WORK REQUEST: From the records below, output exactly the lines starting at the line with "A bronze model" and ending at the line with "May include: A", both of them included, but no pictures.
----- SUPPLIED RECORDS
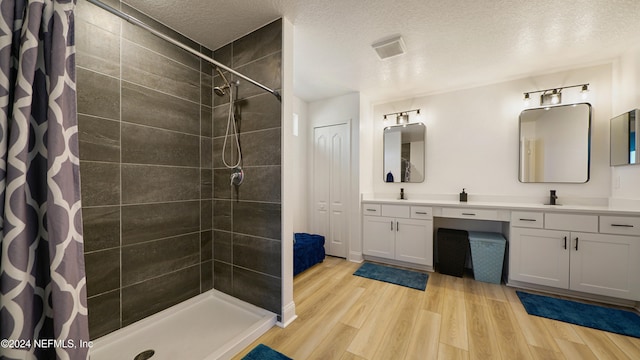 bathroom featuring a textured ceiling, vanity, hardwood / wood-style flooring, and a shower with curtain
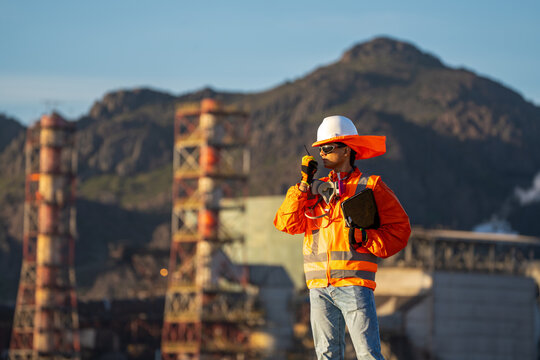 Industrial worker in safety gear, communicating by radio at a mountain plant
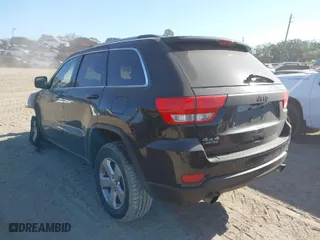 2013 Jeep Grand Cherokee Limited with VIN 1C4RJFBTXDC575676, listed as a IAAI auction lot 41174929 with 1 mi miles. Bid and sale history available at carsss.com. Image 3.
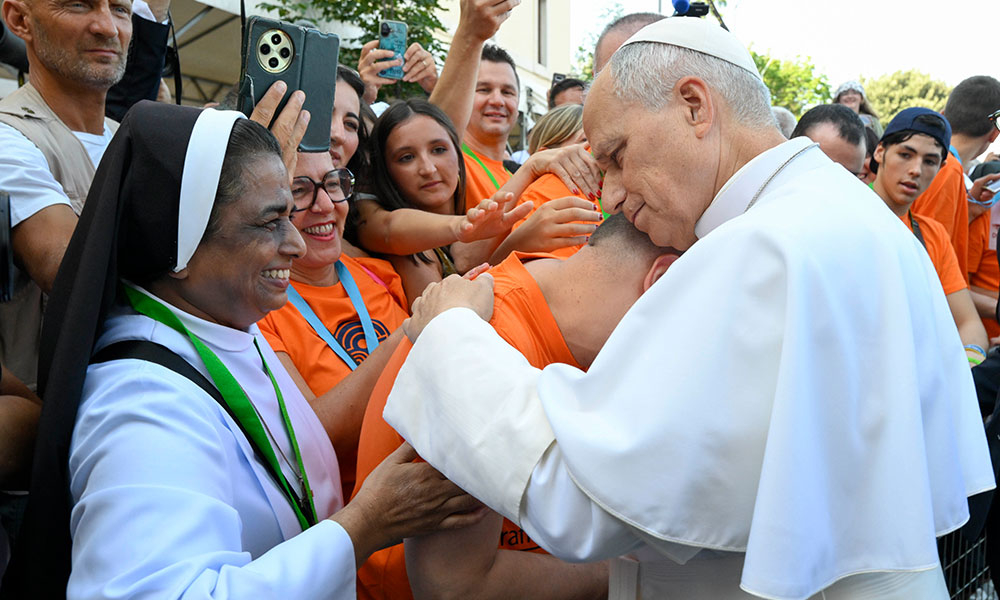 Pope Leo embracing a man at the Basilica of St. Mary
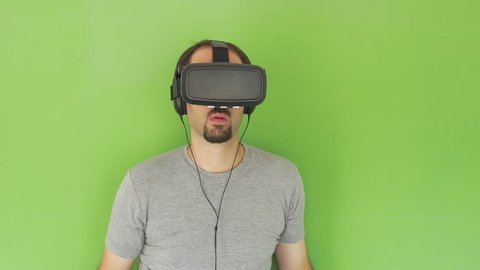 Medium shot of a Man with VR Goggles and headphones standing looking slowly on green screen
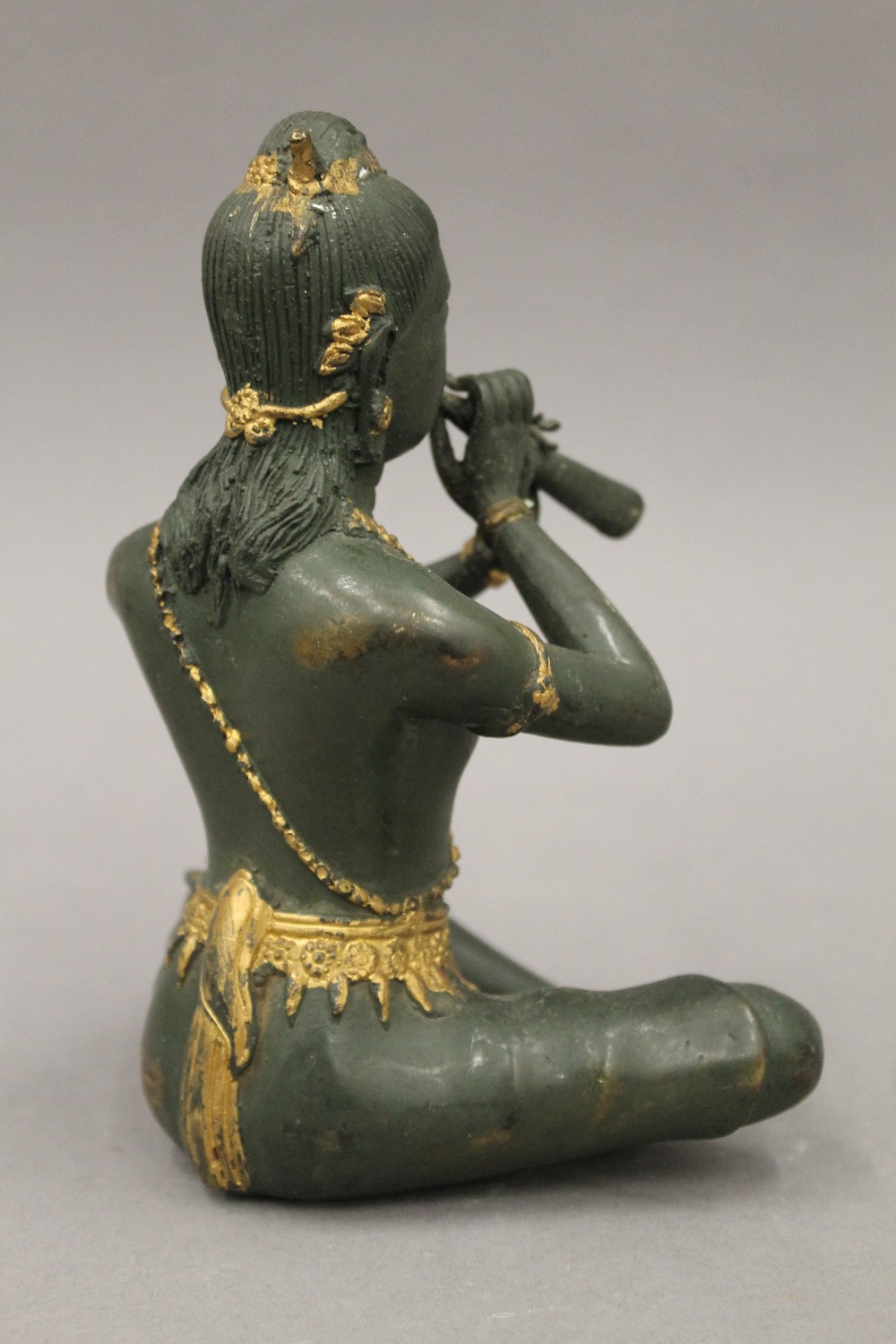 A bronze model of Buddha playing a flute. 18.5 cm high. - Image 3 of 5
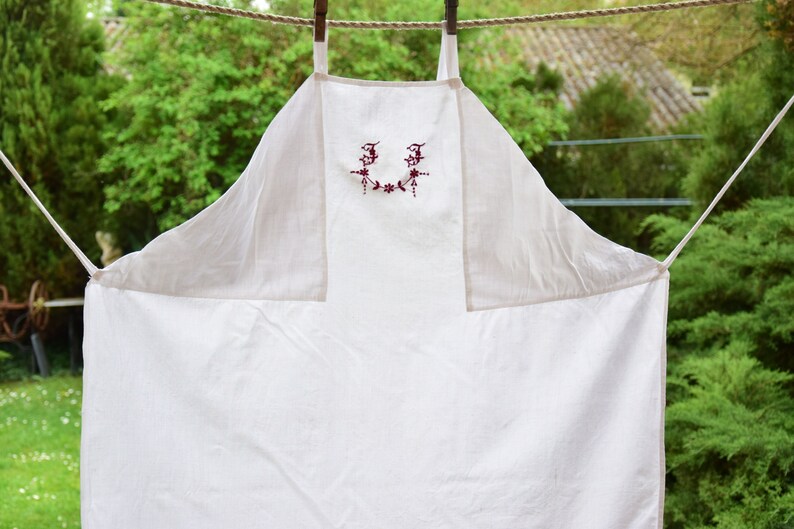 May include: A white linen apron with red embroidered floral details and the letters "JJ" in the center.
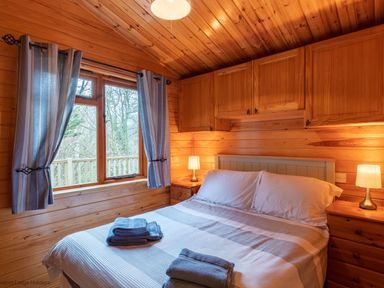 A bedroom with wooden walls ceiling and cabinets a double bed with folded towels two bedside tables and lamps a window with blue curtains at Lakeshaven Skiptory Howe 16 White Cross Bay near Windermere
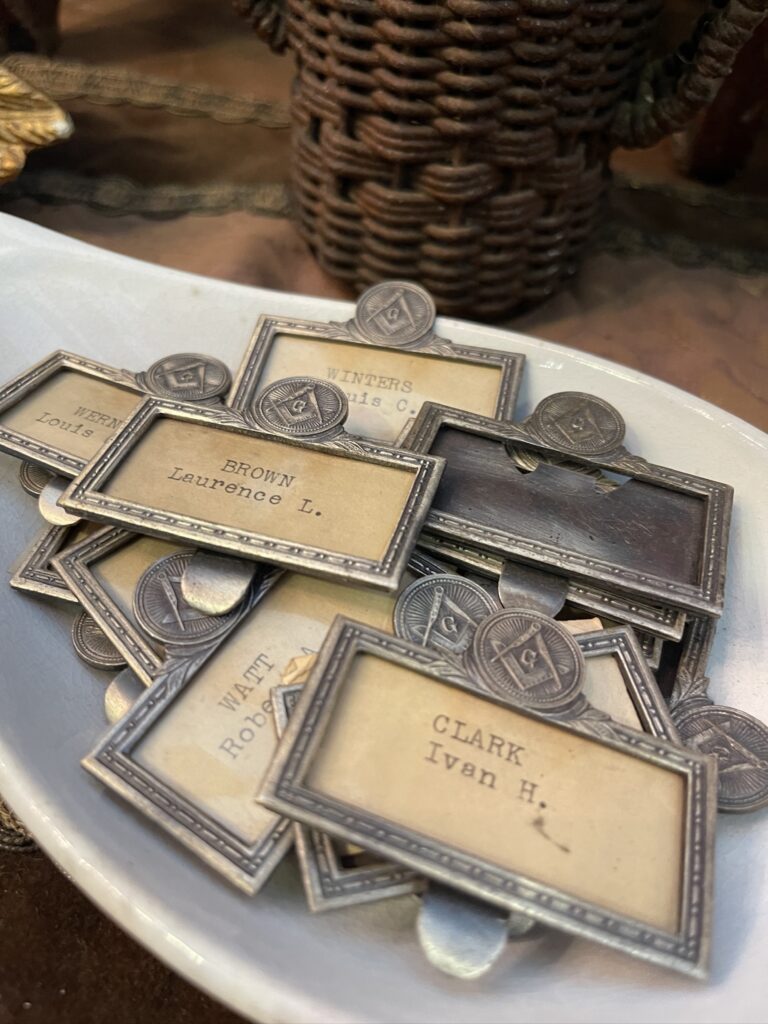 silver name tags at Nashville Antiques and Garden show 2024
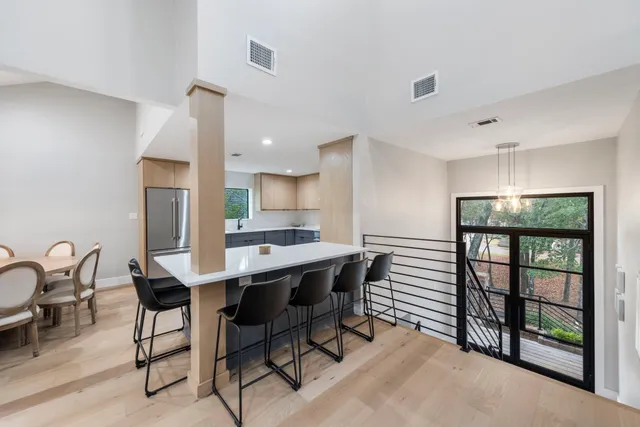 a view of a dining room with furniture window and outside view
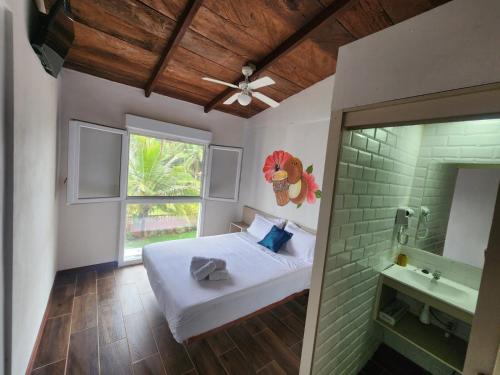 a bedroom with a bed and a window and a sink at Basi Resort in Nombre de Dios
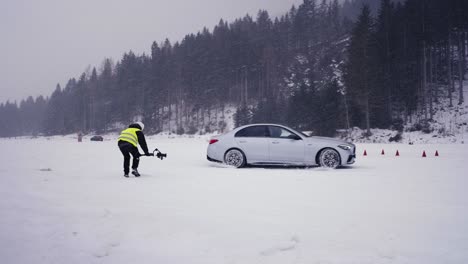 Person-use-gimbal-camera-stabilization-to-film-countryside-winter-drift-event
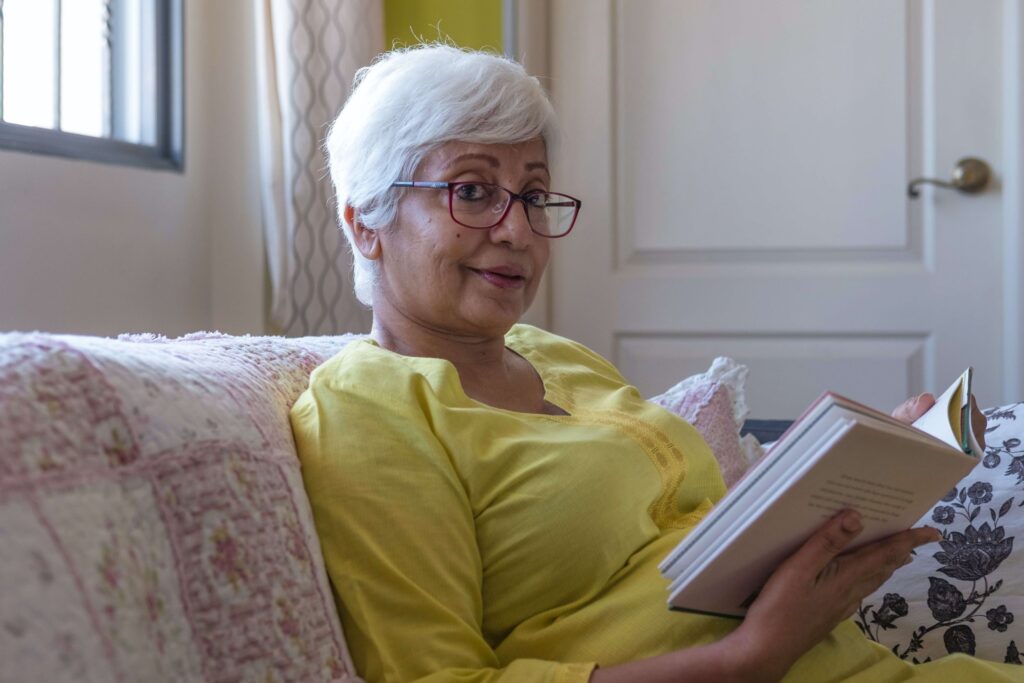 Woman in yellow shirt sitting on the couch reading a book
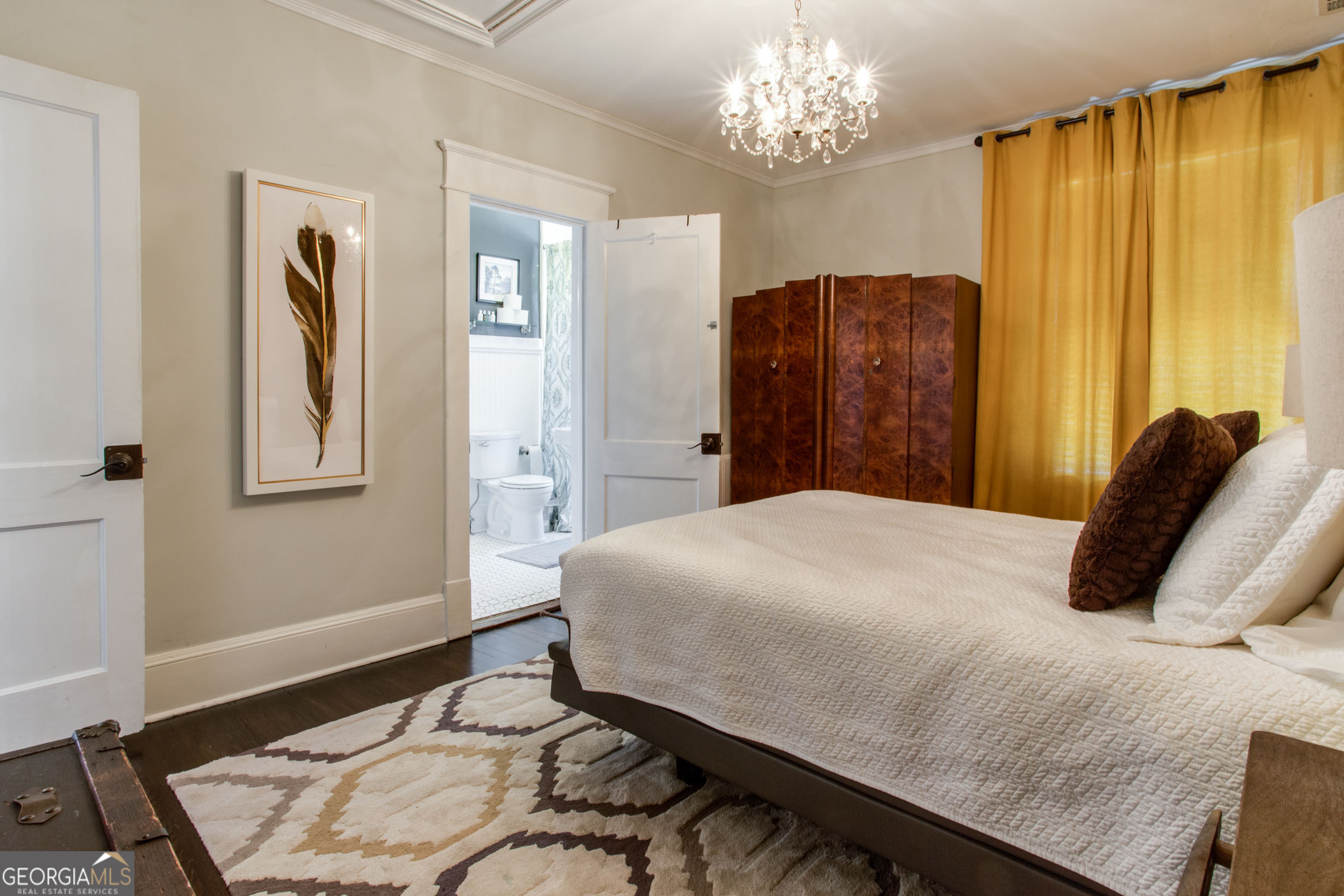 524 Seminole Avenue Northeast Atlanta, GA 30307 - Photo 35 of 75 a bedroom with a bed and wooden floor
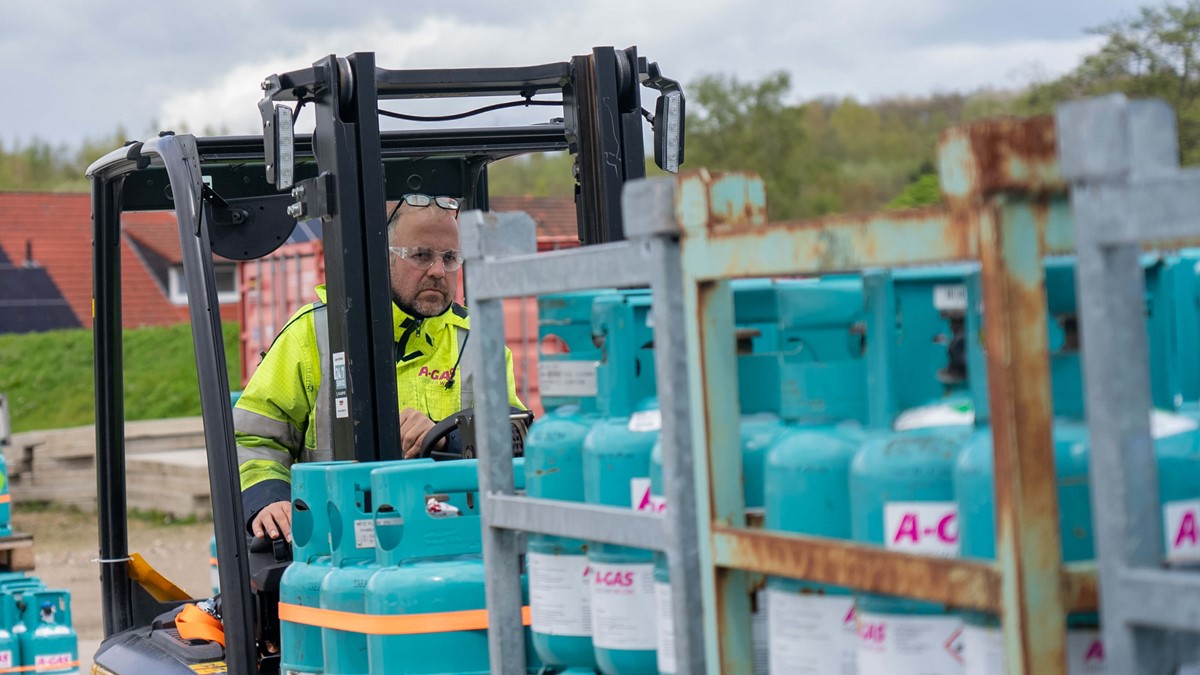 A man in a high-vis yellow jacket moving blue cylinders with a forklift truck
----------
RESULT:
 A bronze model of Buddha playing a flute. 18.5 cm high. - Image 3 of 5
 May include: A white linen apron with red embroidered floral details and the letters "JJ" in the center.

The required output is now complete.